On the internet, in the newspapers and in private discussion I have heard people agonise over who replaces Gani. I beg to disagree. I do not  think  we need another Gani or a hero in the mould of Gani. The individual action will not take us anywhere in this country. We all have to get off our butts and get on the street and demand change, positive change. Why do we always think others will come and do our jobs for us, solve our problems for us? If we all had come out in the 1980s and 90s and said look, we are not going to take this; if we had not left people like Gani, Beko, Soyinka and Enahoro, Aka Bashorun, Balarabe Musa, Abubarkar Umar to do the fighting for us, we probably would have found a solution to this myriad of problems confronting us today. So the idea of some people somewhere stepping into Gani’s shoes does not arise. I’d love a situation whereby we’ll resolve collectively that we are tired of this whole mess and that we want a change in this country. So, it’s left for Nigerians to demand for change. If they are not ready, too bad for them. Gani has done his own as an individual. He has completed his mission. He has satisfied his conscience and he has gone home to rest and his work is there for everybody, who believes that his ideals were noble enough to borrow from.

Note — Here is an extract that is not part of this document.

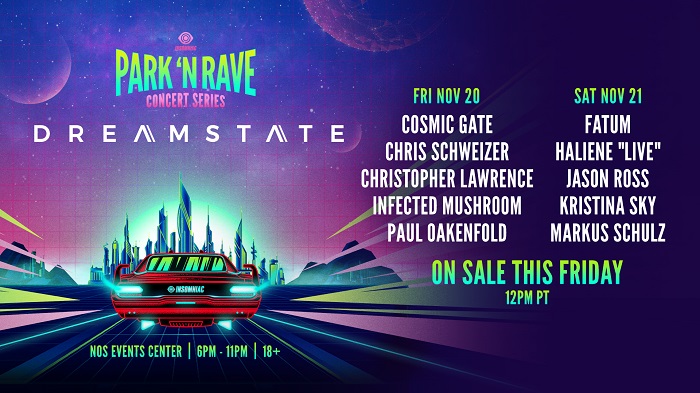 Dreamstate Park 'N Rave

The truth is that the rank of committed human right campaigners is shrinking and quickly, too. We no longer have the kind of elements we had in the 1980s and 1990s. We’ve lost so many. Aka-Bashorun, the mercurial lawyer and human rights activist; Beko, ever fearless and courageous, are also gone; Fela is gone. I mean, the only person actually left to say the truth is Wole Soyinka, and the day we lose him, this country will be in a mess. Talking about that generation of Nigerians who committed their lives to the struggle without looking back, without being opportunistic, I mean, you take a Gani, Tai Solarin, Soyinka, Fela Anikulapo-Kuti, Beko Ransome Kuti, Ayodele Awojobi. Those are the elements. Now looking at the terrain in terms of who to follow, sincerely, the only person I can see is Wole Soyinka, and the man is above 75. That brings us back to my earlier thesis that the next stage of the struggle may not provide us with that individual to lead our onslaught on tyranny. We’ll all have to be at the barricades. It has to be a collective struggle because our generation and the generation behind us have not produced those kind of elements who we could say look, here is the Iroko that all the other trees will look up to. So, everybody will have to do his own little thing in his own corner, believing that it gathers up to become collective and probably change the country. If we fail to do that, too bad for Nigeria.


While it is sad that we lost him at this time, one will equally say that he has gone to have a deserved rest after all the struggle. This is one man that lived the life of ten men.